Access keys can be from the account credentials that have rights to all services:
http://docs.amazonwebservices.com/AWSSecurityCredentials/latest/AboutAWS.... If these are used then no other configuration is needed to be done in AWS and rest of this page can be skipped.

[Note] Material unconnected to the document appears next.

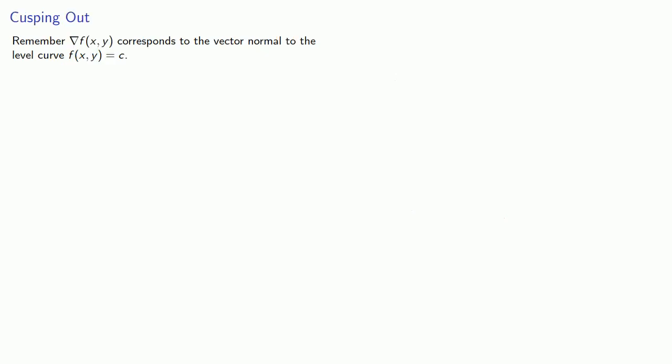So remember the gradient corresponds to the vector normal to the level curve f(x, y) = c. And this will be normal to the tangent line. So if we're at a cusp, there's two possibilities. First, the tangent line might not exist at all.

It's not always preferable to use the account access to AWS. Reasons include for example safety measure against code accidently deleting other bucket content or avoiding abuse to other AWS services if access keys are leaked. Read more at http://docs.amazonwebservices.com/AmazonS3/latest/dev/UsingIAMPolicies.html. Custom access keys can be generated from AWS IAM-service where one can specify a custom policy. Below are the minimum required rights for storage api to work.
{
"Statement": [
{
"Sid": "ModifyAssets",
"Action": [
"s3:DeleteObject",
"s3:DeleteObjectVersion",
"s3:GetObject",
"s3:GetObjectAcl",
"s3:GetObjectVersion",
"s3:GetObjectVersionAcl",
"s3:PutObject",
"s3:PutObjectAcl",
"s3:PutObjectVersionAcl"
],
"Effect": "Allow",
"Resource": [
"arn:aws:s3:::yourbucketname/*"
]
},
{
"Sid": "BucketRights",
"Action": [
"s3:ListBucket",
"s3:ListAllMyBuckets"
],
"Effect": "Allow",
"Resource": [
"arn:aws:s3:::*"
]
}
]
}First statement allows delete, download and upload to all resources under given bucket. Second statement allows listing of account's buckets inside s3. This is needed for storage api to check the existance of the bucket that is used. http://docs.amazonwebservices.com/IAM/latest/UserGuide/ManagingPolicies.... describes how to create a user with custom policy. Once it has been created, the access keys can be downloaded and used like account access keys.